Here, the insight into the debate about Übertragung in electro-physical and psycho-physiological contexts is very insightful indeed. One of the major strengths of this book is to provide the background, even if often only in short and cursory paragraphs, of contemporary debates which were followed by Nietzsche and are said to have influenced his thinking. Thus, e.g. some central sentences in “Über Wahrheit und Lüge im aussermoralischen Sinn” acquire a new meaning and accessibility, when understood against the background of the physiological studies of Funke, Büchner and Lotze. These are moments in which the historical method is truly brilliantly used and certainly yields fruitful insights.

            On the other hand, as interesting as the contextualizations of Nietzsche’s thinking, reading, and writing are, the study often seems to be more an agglomeration of presentations of contemporary debates and books rather than a stringent argument for their influence on Nietzsche. While names and titles are at times repeated to a degree that seems almost redundant, it frequently remains unclear how they would have born on Nietzsche’s views. It does not seem sufficient that he might have known of them in order to construct an argument about Nietzsche’s philosophical standpoint with regard to these debates.

            This is not to say that Emden does not attempt to present us with what is known about Nietzsche’s life, his habits, and his readings.
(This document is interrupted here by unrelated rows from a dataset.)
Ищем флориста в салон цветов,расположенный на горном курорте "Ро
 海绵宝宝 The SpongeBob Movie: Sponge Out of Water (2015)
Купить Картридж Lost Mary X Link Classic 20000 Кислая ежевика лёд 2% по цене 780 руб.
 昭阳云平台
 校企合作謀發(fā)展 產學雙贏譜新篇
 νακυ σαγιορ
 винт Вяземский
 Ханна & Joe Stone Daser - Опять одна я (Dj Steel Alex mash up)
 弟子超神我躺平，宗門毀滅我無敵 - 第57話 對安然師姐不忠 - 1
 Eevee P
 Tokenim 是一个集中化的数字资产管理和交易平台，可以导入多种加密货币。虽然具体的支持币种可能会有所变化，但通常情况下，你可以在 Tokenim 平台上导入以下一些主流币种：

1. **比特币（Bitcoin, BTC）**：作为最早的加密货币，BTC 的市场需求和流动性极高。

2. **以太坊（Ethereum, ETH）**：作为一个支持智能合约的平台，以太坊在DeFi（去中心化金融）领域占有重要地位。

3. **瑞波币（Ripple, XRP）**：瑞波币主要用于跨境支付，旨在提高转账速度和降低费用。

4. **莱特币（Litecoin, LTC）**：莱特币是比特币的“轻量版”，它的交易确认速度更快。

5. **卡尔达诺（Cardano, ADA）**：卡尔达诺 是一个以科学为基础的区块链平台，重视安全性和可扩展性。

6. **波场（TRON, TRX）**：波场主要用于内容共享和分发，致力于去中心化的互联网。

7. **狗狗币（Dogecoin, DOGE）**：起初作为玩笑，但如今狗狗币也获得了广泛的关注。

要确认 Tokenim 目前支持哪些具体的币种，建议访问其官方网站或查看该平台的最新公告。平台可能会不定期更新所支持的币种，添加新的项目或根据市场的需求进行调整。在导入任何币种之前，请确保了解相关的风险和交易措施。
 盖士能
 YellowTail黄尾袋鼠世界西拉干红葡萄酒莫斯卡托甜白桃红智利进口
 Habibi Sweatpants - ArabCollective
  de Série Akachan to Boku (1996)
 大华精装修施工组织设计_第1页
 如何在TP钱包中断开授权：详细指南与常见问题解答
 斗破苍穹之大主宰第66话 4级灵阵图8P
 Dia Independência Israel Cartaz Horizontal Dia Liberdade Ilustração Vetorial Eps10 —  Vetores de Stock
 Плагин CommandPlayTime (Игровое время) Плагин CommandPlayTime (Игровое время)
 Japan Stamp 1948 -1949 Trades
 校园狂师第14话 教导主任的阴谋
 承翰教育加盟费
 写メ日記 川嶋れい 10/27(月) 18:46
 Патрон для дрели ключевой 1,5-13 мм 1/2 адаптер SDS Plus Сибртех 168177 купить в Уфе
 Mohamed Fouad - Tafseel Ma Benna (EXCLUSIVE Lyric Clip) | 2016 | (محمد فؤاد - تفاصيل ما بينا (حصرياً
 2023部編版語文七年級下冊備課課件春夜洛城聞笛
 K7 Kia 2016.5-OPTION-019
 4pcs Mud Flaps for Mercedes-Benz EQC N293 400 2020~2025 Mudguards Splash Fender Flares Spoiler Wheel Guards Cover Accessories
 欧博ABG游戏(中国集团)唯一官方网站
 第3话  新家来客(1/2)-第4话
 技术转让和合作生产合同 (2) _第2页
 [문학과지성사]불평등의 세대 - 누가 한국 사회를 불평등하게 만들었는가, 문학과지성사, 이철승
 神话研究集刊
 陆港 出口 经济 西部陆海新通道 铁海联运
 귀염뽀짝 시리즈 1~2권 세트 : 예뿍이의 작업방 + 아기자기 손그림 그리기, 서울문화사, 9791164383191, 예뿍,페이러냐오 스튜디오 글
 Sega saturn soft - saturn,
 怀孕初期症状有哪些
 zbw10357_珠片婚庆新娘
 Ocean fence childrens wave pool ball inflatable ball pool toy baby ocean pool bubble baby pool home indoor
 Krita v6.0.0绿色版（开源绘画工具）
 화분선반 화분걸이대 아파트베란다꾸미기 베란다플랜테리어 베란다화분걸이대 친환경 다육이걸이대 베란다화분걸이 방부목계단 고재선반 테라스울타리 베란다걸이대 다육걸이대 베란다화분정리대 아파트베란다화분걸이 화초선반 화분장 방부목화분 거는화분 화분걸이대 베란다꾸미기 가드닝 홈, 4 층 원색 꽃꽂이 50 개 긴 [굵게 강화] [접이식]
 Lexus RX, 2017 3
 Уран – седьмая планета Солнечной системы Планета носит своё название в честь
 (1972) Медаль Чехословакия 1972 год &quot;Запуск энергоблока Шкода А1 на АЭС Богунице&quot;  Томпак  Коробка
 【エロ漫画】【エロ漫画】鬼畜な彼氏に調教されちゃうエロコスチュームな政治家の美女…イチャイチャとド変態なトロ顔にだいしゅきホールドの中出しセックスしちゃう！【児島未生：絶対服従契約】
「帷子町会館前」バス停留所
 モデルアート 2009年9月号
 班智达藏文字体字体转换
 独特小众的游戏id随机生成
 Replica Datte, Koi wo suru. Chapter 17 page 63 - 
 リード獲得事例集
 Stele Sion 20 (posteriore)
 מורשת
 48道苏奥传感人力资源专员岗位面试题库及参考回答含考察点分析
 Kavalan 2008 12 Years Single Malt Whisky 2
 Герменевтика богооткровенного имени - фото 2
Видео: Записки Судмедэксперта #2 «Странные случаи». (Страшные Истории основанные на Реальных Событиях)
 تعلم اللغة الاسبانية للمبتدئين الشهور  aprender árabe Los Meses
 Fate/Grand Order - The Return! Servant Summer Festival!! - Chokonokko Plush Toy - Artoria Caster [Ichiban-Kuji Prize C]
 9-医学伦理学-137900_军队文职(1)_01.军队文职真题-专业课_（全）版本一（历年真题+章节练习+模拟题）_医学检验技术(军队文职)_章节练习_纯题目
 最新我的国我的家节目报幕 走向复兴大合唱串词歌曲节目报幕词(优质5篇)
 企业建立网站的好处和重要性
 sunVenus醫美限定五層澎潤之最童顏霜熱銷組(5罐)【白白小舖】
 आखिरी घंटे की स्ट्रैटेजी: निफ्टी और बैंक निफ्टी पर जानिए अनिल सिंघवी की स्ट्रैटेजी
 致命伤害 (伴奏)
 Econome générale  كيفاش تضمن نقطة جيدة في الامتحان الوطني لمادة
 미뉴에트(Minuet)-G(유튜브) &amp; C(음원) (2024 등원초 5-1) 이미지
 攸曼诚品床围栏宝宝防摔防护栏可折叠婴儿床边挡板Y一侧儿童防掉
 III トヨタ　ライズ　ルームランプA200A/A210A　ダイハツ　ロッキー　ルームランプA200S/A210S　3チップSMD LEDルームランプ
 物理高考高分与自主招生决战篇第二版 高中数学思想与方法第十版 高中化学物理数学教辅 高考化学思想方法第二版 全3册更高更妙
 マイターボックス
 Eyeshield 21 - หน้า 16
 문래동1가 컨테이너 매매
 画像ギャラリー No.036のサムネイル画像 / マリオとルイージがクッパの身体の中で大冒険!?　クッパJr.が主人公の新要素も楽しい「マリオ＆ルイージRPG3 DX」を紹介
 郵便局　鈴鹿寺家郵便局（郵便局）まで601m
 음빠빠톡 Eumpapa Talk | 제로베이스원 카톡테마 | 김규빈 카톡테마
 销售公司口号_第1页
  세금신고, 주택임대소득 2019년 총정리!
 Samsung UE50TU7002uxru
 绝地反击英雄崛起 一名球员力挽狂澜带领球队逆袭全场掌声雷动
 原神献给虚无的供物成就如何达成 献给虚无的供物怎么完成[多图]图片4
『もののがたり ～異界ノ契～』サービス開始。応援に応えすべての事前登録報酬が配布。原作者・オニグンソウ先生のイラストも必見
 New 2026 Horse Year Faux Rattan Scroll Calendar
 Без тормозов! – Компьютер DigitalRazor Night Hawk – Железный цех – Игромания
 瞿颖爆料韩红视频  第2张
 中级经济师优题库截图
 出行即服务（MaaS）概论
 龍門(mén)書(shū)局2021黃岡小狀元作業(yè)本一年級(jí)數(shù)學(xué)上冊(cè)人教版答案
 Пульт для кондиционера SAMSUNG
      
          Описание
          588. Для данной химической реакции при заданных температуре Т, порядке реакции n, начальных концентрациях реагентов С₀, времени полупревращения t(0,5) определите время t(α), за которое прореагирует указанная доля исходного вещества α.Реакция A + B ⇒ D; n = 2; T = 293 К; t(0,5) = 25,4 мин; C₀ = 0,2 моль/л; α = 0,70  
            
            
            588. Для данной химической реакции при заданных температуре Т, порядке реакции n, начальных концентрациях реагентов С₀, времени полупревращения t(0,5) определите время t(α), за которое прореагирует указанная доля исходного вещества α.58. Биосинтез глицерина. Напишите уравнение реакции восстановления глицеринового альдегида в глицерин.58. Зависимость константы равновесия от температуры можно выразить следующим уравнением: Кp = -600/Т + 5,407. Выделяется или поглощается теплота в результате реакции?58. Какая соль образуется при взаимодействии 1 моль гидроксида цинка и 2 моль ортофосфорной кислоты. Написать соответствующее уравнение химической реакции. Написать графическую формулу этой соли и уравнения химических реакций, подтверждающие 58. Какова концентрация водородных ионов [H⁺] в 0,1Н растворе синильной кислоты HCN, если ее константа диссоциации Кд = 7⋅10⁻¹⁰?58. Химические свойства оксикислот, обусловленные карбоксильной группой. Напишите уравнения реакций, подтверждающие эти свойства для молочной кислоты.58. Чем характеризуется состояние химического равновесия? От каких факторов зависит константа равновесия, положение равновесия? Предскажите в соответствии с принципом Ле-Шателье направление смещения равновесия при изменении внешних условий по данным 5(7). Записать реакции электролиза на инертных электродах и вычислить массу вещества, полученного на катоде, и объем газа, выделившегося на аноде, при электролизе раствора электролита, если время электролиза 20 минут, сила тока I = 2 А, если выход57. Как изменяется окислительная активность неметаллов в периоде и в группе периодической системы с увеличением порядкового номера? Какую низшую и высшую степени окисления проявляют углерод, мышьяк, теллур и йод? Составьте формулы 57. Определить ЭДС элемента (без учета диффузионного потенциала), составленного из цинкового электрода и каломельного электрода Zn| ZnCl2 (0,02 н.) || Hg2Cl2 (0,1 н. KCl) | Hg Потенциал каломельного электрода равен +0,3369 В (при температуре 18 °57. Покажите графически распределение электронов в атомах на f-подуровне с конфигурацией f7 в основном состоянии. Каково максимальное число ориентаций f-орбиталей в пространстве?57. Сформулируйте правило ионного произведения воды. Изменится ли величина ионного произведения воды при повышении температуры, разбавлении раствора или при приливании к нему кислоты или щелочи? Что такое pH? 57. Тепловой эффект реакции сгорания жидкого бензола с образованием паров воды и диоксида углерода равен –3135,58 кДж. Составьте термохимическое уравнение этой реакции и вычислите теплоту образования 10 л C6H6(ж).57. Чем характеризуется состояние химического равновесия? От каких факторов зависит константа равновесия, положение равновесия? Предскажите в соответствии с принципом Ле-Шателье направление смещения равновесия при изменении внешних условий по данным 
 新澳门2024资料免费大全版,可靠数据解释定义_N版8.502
He even analyzes the “typewriter” episode and Nietzsche’s nervous illness in the context of his own writing and concurrent scientific debates. The problem raised above is a general problem that concerns the methodology of studies of influence and intention. There is a certain limit to what can be known, and if Emden resorts to the rhetoric of ventriloquism (“whereas Nietzsche would argue/say”), we have to state that this might be likely with regard to his Nietzsche, but that it is all but certain.

            There is a curious imbalance, then, between the scholar’s rhetoric of subtlety and caution at the beginning of the book, (….) and his increasing identification with Nietzsche’s point of view. We applaud Emden’s attempt to balance Nietzsche’s views: He did not deny metaphysics and the idea of a “self”; rather, he considered them necessary fictions. He was neither Anti-Logiker nor Anti-Metaphysiker; rather, he doubted the ability of these terms and methods to encompass reality, while admitting to their usefulness in making sense of the world.

While we read the book with delight and benefited from it, the Nietzsche here presented is also only one of the many Nietzsches that we have come to know: surely a tamer, but also a more interesting one. We end by asking ourselves: does inserting him to such a degree into a Zeitalter that he was also highly sceptical of, as Emden points out, not also mean to work against his spirit? Perhaps. But maybe one has to.